Let’s speak to Cook, though. As was just stated, she’s very good in this movie as the lead character. There is a fine supporting cast behind her, but Cook is out front, and she leads the way with aplomb. At the time, Cook’s star was on the ascent. She made She’s All That not just tolerable, but actually good solely based on her performance. She was a young actress with the world in front of her, getting another chance to star in a movie. Josie and the Pussycats had a budget of $39 million. It made $14.9 million in the box office.
That is, no matter how you slice it, a bomb. Critics didn’t really like it, either. Roger Ebert gave it half a star, which, frankly, should lead to the posthumous revocation of his Pulitzer for criticism. Look at Cook’s filmography post-Josie. It’s made up almost entirely of completely obscure movies and direct-to-DVD or direct-to-VOD affairs. Now, this is being written without knowledge of Cook’s wants or desires. Perhaps being a movie star didn’t suit her. Maybe, at a certain point, she wanted to spend more time with her husband and her kids.
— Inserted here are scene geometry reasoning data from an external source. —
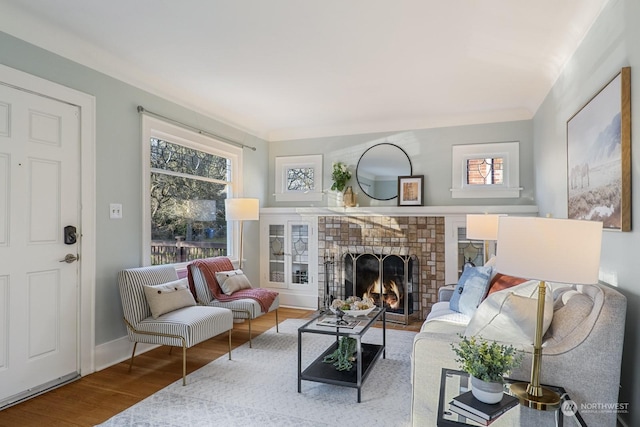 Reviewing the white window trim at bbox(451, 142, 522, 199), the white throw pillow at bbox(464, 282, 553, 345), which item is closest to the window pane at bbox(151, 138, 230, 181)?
the white window trim at bbox(451, 142, 522, 199)

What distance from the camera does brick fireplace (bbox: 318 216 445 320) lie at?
4582 mm

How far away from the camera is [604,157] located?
84.1 inches

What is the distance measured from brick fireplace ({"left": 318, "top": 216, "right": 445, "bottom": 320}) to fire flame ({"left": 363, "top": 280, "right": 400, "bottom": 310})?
195 mm

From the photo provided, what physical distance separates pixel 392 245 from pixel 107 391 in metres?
3.32

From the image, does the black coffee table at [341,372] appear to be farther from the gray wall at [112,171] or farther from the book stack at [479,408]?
the gray wall at [112,171]

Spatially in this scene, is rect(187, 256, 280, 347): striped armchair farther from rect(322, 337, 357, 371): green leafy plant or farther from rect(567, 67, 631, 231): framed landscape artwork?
rect(567, 67, 631, 231): framed landscape artwork

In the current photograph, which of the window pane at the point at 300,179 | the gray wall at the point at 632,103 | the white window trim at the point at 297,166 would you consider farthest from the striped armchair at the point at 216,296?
the gray wall at the point at 632,103

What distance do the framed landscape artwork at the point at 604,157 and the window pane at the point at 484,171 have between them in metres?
1.89

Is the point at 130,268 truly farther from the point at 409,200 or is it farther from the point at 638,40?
the point at 638,40

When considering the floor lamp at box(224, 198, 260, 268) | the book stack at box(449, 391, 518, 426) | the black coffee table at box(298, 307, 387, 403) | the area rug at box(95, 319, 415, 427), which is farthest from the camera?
the floor lamp at box(224, 198, 260, 268)

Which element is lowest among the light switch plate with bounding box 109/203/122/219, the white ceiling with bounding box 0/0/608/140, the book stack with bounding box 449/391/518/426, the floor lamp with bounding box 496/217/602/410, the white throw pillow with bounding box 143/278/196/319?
the book stack with bounding box 449/391/518/426

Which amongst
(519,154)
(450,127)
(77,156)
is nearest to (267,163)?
(450,127)

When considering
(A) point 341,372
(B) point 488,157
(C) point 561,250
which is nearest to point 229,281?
(A) point 341,372

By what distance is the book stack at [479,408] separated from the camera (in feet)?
4.69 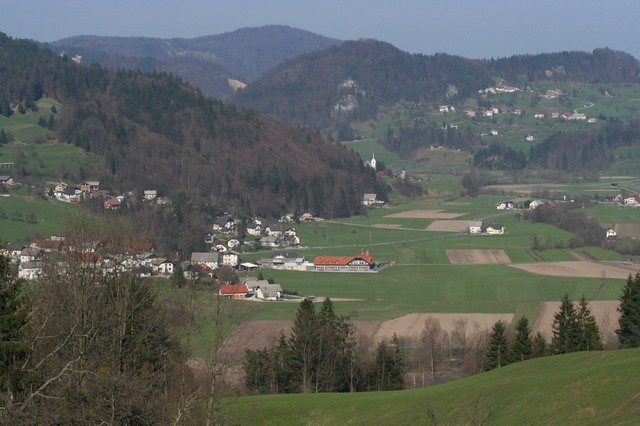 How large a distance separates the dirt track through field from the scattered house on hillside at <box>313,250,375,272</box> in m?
5.87

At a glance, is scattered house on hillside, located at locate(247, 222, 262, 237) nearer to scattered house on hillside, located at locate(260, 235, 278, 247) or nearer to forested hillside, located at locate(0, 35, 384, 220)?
scattered house on hillside, located at locate(260, 235, 278, 247)

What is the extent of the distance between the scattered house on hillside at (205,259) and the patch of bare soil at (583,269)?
62.6ft

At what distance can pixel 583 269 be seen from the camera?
6569 centimetres

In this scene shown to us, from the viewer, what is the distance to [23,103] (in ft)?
388

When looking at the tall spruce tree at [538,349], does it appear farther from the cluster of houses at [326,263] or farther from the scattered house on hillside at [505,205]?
the scattered house on hillside at [505,205]

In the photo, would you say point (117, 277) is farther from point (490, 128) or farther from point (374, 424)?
point (490, 128)

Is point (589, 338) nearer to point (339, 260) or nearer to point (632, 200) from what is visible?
point (339, 260)

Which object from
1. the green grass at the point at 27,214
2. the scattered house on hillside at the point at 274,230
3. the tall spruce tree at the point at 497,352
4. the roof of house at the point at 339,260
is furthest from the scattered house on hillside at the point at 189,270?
the tall spruce tree at the point at 497,352

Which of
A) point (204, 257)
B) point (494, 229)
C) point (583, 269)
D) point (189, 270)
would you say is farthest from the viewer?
point (494, 229)

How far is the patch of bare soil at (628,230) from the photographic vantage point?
8294cm

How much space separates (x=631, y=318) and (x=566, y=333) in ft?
9.63

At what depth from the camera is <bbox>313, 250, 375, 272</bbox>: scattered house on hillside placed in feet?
227

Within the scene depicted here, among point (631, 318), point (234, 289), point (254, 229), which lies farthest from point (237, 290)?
point (254, 229)

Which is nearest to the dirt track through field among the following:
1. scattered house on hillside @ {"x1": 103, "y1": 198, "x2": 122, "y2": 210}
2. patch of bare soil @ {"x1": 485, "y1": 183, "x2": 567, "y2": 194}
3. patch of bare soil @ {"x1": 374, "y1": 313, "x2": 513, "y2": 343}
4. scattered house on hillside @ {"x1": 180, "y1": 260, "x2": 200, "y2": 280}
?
scattered house on hillside @ {"x1": 180, "y1": 260, "x2": 200, "y2": 280} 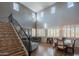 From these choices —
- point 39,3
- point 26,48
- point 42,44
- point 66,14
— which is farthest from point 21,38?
point 66,14

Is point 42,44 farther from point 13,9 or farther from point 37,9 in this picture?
point 13,9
It’s entirely possible she’s tough to work with. All these possibilities accounted for, what it appears, on the surface, is that this movie bombed, and then Hollywood decided Cook didn’t work as a movie star. She was barely in her early 20s, and Hollywood was done with her.
If this is true, this is bullshit. Look, you are dealing with a total Rachael Leigh Cook apologist here, but Cook is great, and Josie and the Pussycats is a real good movie, and she should have been a star. She could have knocked out a million rom coms. She should be currently transitioning into television because she’s old to be considered at a movie star level of physical attractiveness anymore. Even if the movie was a bomb, and it shouldn’t have been because, again, it’s super good and fun, how anybody could write off an actress after one movie that didn’t do well financially is baffling. It’s not like she hasn’t been willing to take work. She played a short-term love interest on Psych, where she was, naturally, great. She played a supporting role on some TNT show starring Eric McCormack that you don’t remember. Watch Josie and the Pussycats and try and say with a straight face you wouldn’t follow this woman to the ends of the Earth. It’s enough to make you wish that the subliminal advertising capabilities of MegaRecords were real, and that they’d use it to make Cook a star.
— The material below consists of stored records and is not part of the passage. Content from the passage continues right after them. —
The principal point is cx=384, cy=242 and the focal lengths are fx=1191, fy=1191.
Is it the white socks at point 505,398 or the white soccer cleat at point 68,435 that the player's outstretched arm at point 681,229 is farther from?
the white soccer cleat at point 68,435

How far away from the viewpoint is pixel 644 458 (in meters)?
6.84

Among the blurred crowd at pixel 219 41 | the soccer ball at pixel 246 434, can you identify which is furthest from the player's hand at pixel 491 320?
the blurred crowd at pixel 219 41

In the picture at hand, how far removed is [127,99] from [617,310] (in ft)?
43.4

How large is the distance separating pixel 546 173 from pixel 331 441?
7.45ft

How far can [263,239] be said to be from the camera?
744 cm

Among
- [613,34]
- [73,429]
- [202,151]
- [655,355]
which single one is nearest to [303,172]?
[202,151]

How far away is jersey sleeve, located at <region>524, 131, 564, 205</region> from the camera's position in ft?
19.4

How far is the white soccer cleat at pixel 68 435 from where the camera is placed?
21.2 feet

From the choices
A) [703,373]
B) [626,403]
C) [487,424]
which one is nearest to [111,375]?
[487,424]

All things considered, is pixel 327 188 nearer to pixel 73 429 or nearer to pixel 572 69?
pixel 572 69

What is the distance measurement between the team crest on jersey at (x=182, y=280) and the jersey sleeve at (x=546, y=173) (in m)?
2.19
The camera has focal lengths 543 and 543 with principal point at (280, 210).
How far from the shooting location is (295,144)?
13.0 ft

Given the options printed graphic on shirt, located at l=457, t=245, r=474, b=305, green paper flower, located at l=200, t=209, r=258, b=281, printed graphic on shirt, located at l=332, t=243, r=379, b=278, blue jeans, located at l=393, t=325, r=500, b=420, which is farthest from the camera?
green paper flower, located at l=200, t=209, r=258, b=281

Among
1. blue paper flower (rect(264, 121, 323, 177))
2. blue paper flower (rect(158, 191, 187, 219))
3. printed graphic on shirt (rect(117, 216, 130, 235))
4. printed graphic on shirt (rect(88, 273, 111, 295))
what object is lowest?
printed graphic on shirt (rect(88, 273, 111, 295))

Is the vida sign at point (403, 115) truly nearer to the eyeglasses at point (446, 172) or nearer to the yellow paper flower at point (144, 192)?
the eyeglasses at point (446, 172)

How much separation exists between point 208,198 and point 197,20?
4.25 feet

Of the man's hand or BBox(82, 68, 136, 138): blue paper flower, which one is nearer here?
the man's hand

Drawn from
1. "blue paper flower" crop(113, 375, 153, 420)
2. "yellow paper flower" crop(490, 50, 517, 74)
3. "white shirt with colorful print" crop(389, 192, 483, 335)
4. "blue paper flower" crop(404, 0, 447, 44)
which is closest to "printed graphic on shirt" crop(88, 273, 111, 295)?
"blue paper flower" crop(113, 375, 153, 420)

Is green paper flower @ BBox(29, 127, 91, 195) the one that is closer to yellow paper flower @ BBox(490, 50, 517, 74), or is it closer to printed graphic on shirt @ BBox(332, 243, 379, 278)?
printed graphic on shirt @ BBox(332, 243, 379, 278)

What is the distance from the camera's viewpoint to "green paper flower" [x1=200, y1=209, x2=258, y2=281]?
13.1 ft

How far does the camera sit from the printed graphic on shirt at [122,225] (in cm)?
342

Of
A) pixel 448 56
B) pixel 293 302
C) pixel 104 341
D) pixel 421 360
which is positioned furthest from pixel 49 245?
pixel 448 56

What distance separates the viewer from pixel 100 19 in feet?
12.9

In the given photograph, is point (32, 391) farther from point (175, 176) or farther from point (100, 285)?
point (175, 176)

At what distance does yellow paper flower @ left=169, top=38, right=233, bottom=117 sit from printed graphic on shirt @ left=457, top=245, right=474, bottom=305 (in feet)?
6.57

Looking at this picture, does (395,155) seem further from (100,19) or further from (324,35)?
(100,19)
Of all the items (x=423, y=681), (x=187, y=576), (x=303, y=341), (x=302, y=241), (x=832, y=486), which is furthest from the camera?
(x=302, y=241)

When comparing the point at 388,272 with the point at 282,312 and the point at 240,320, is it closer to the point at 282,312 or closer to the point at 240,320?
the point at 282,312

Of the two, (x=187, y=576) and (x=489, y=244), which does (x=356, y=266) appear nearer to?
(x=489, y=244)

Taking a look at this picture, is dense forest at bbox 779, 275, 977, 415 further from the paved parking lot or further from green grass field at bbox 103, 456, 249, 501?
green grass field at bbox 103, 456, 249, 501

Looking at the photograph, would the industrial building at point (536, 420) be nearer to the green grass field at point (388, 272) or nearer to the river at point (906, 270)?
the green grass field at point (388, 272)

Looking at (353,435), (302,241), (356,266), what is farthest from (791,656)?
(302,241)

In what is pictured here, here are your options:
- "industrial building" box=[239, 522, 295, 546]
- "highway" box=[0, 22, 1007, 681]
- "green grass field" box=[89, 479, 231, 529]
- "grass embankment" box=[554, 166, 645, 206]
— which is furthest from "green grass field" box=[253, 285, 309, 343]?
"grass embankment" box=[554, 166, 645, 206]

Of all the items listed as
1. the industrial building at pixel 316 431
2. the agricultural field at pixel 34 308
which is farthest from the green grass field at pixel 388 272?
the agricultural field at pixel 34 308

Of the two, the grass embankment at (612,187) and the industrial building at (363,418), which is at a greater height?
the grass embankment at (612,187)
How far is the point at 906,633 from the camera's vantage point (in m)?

Let us not mar this celebration of an overlooked delight of a movie by chastises Hollywood, though. All we are saying, is give Josie and the Pussycats a chance. If you were a teenager at the turn of the millennium, you owe it to yourself. If you enjoy music at all, you owe it to yourself. If you want a movie that embodies Cyndi Lauper’s notion that girls just want to have fun, this is the movie for you. This movie about an underdog band turned into an underdog film. The Pussycats of the movie overcame those odds to find success. Hopefully, belatedly, the movie can do the same thing.